> _Your assignment_
Could you transcribe exactly the lines from the one containing "Blue Bedge Blue Bedge" through the last line of the records below, leaving out the pictures?

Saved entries
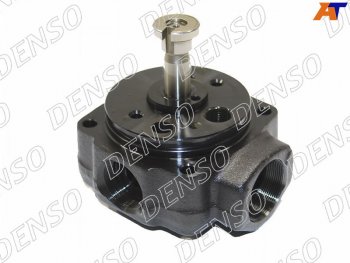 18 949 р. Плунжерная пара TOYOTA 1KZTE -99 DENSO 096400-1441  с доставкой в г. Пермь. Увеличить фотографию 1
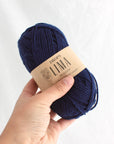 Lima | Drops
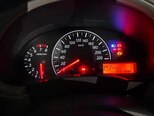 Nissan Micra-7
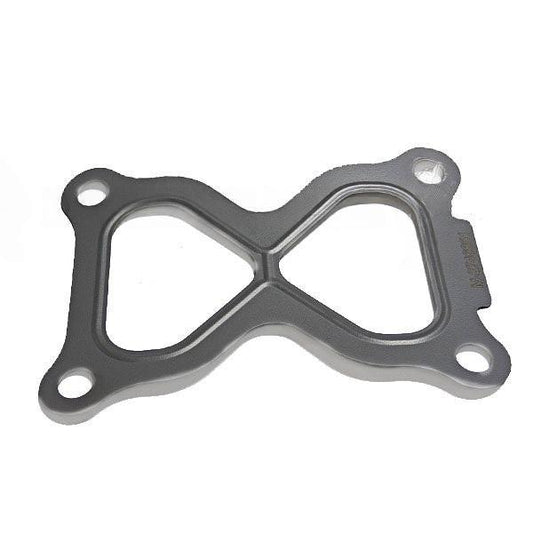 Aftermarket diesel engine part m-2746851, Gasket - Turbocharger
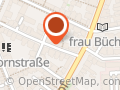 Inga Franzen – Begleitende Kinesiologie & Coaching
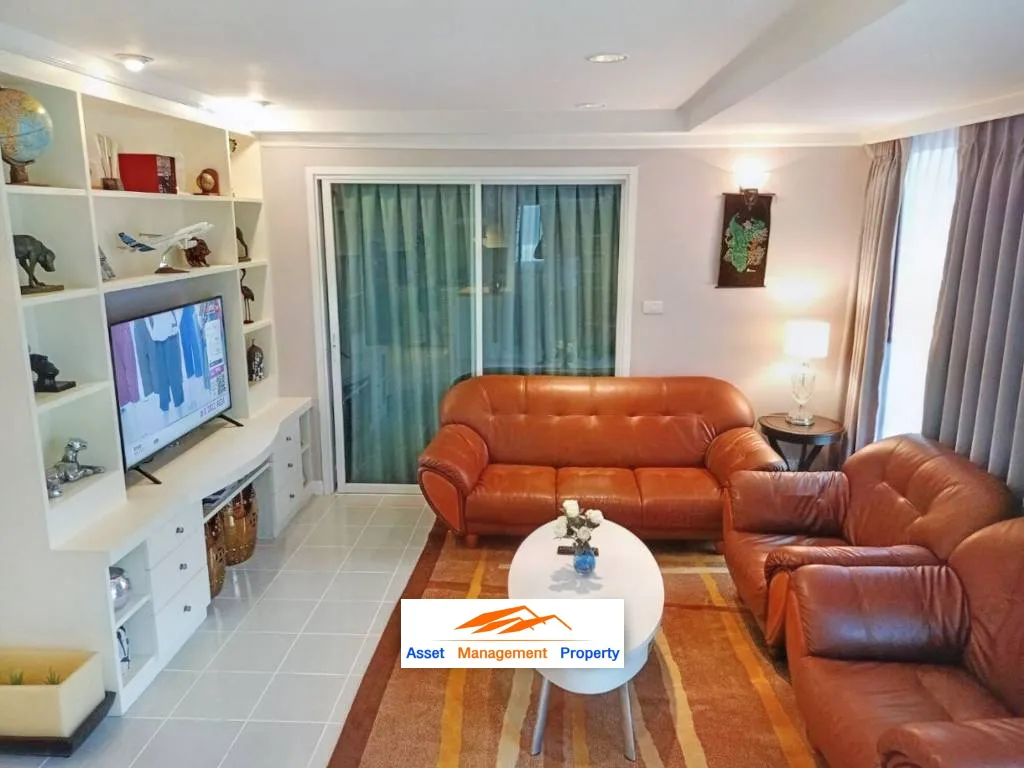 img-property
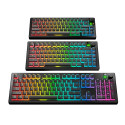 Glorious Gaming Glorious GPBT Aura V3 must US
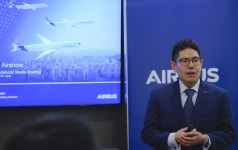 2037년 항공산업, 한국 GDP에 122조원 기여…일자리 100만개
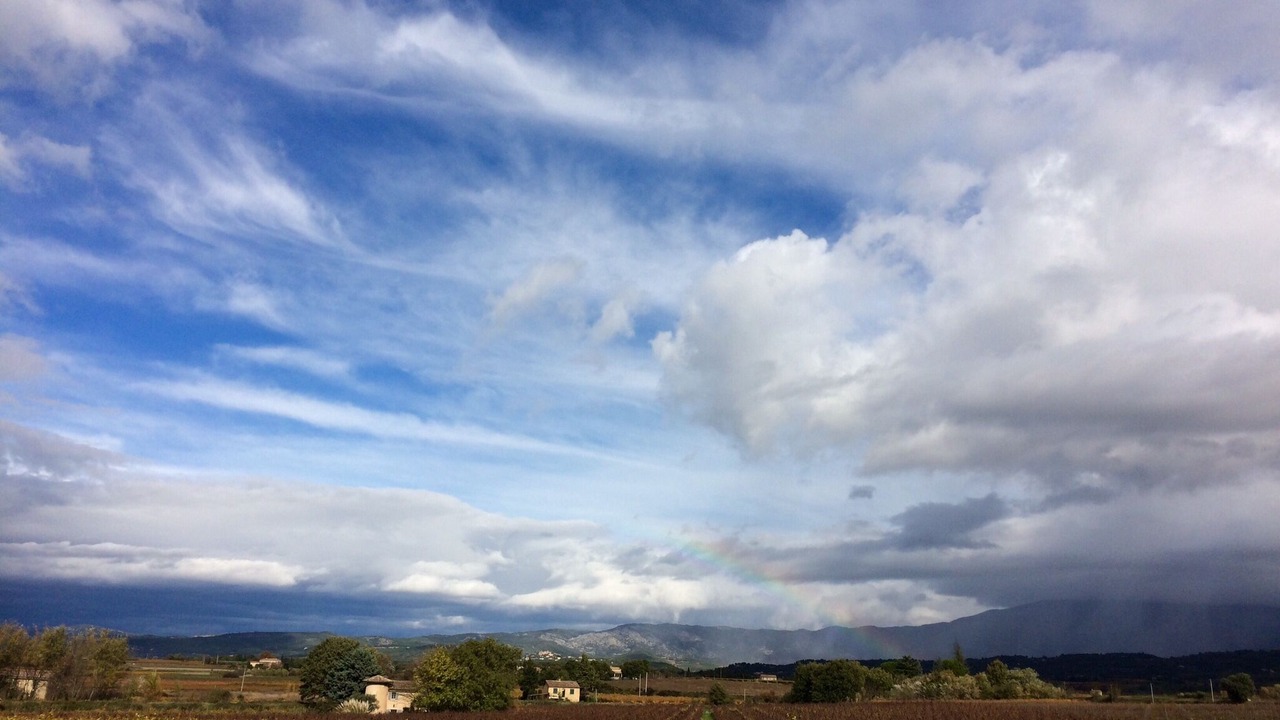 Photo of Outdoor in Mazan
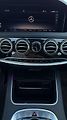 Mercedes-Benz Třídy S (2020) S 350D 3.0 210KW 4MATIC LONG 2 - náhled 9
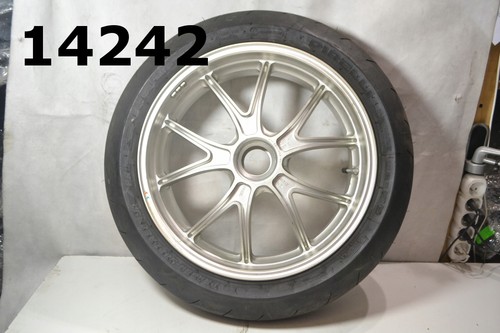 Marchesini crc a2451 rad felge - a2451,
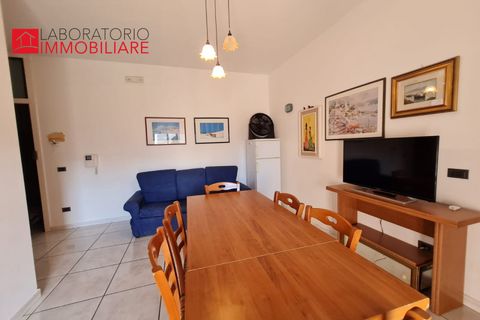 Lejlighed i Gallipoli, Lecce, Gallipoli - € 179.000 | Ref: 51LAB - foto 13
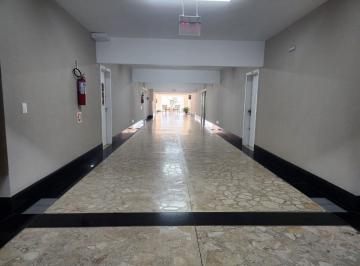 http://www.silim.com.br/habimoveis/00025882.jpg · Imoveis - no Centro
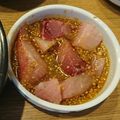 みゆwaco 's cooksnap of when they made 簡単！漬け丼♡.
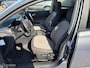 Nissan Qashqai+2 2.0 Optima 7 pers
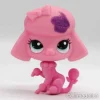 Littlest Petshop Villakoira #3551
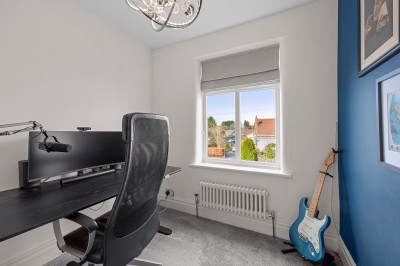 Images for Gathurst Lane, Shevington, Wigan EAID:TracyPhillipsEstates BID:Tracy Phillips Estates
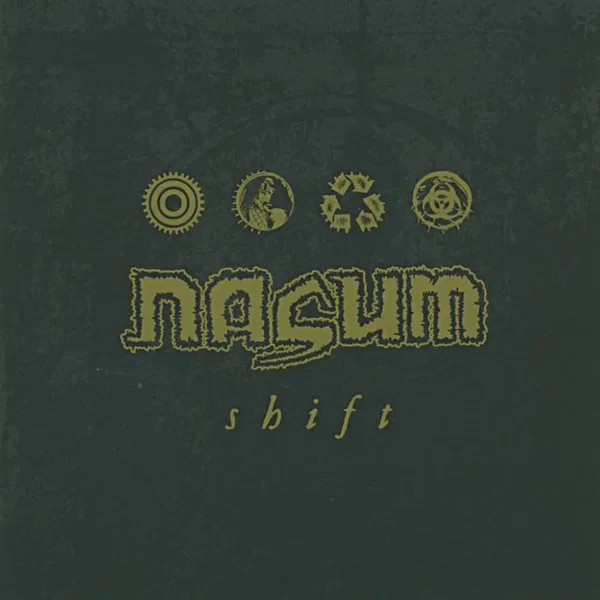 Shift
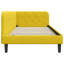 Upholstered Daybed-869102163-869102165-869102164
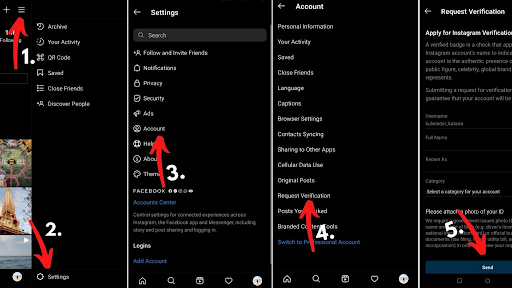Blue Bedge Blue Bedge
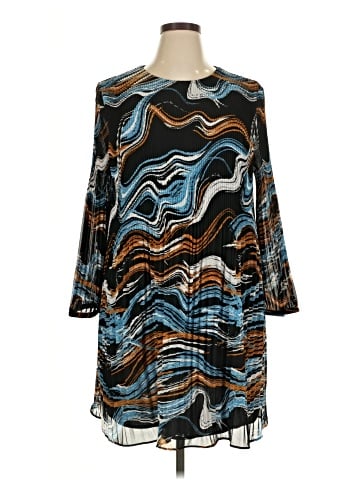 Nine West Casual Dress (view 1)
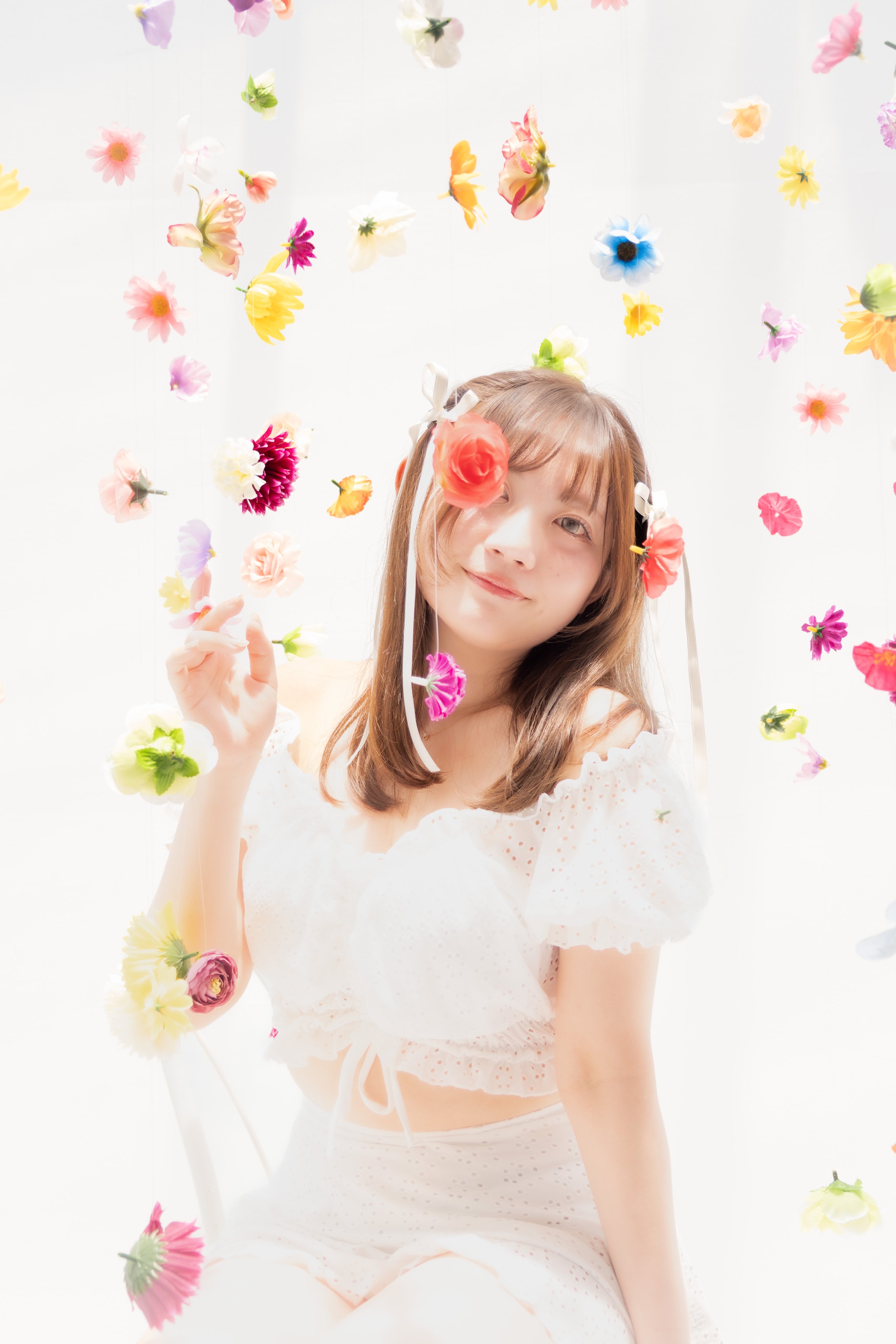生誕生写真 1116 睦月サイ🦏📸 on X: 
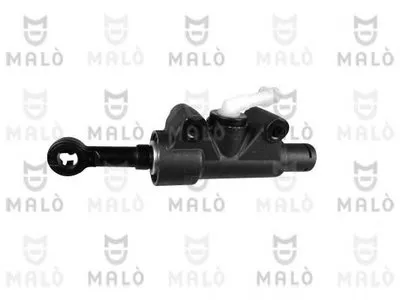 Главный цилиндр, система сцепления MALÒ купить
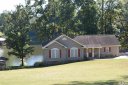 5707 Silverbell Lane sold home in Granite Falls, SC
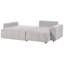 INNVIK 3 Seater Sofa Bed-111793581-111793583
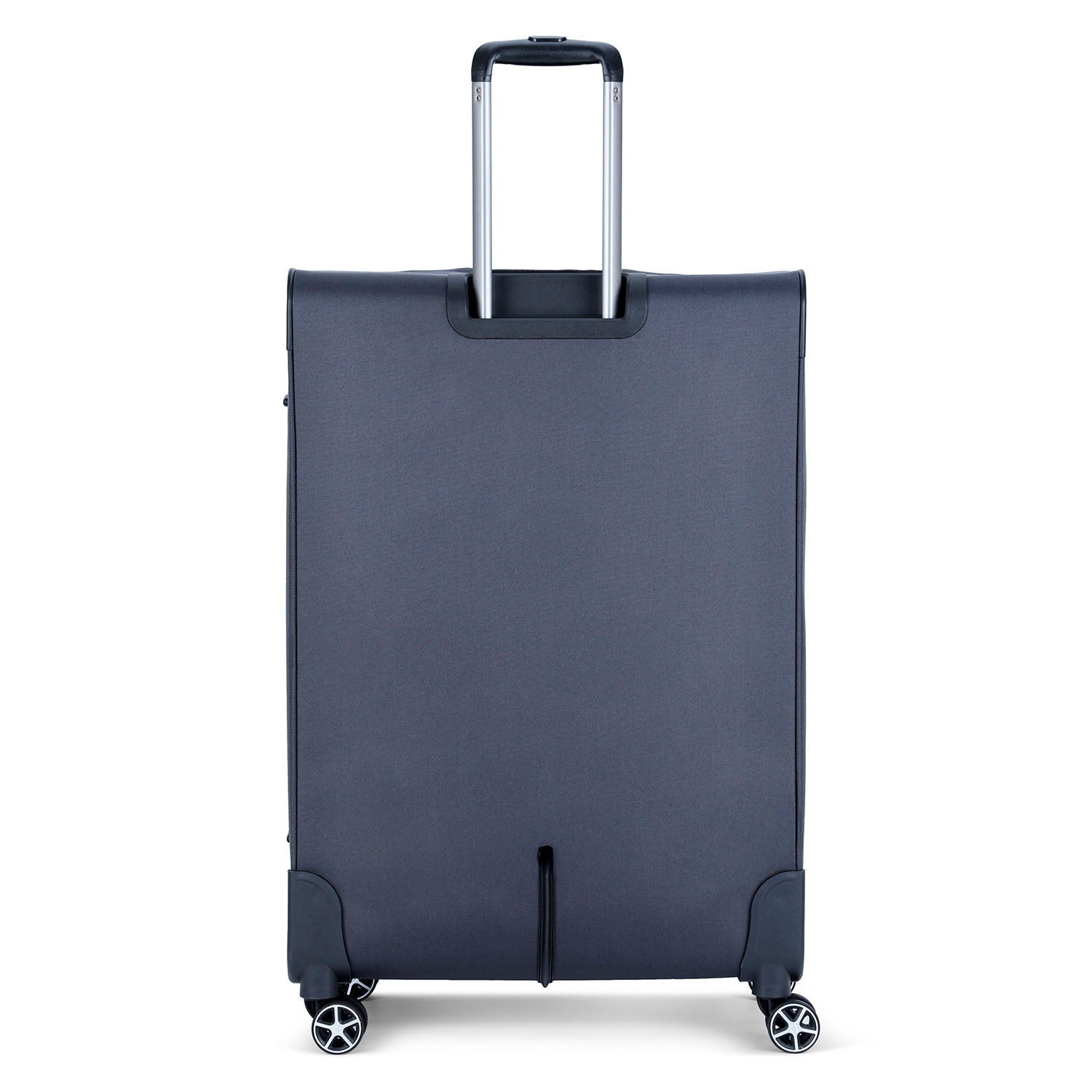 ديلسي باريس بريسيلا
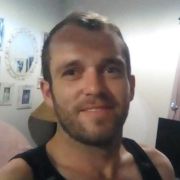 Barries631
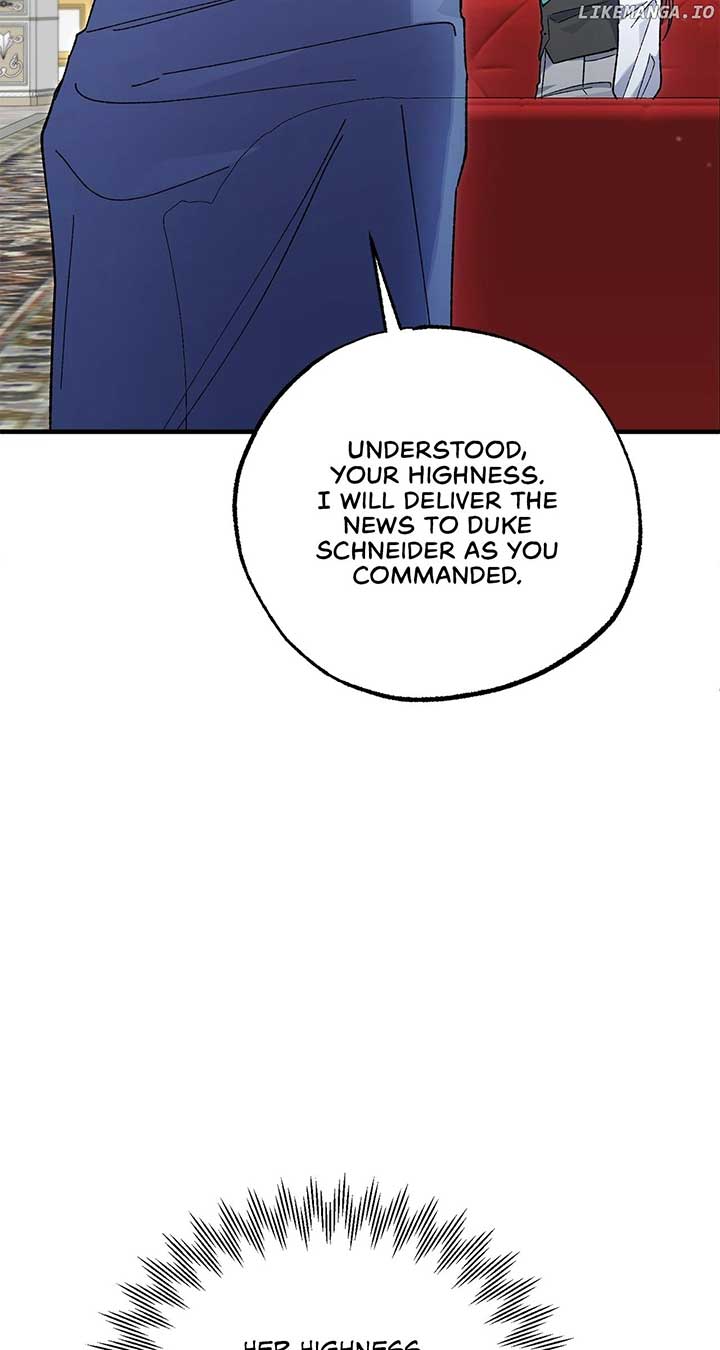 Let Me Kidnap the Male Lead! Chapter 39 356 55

> _Response to this exercise_
Blue Bedge Blue Bedge
 Nine West Casual Dress (view 1)
生誕生写真 1116 睦月サイ🦏📸 on X: 
 Главный цилиндр, система сцепления MALÒ купить
 5707 Silverbell Lane sold home in Granite Falls, SC
 INNVIK 3 Seater Sofa Bed-111793581-111793583
 ديلسي باريس بريسيلا
 Barries631
 Let Me Kidnap the Male Lead! Chapter 39 356 55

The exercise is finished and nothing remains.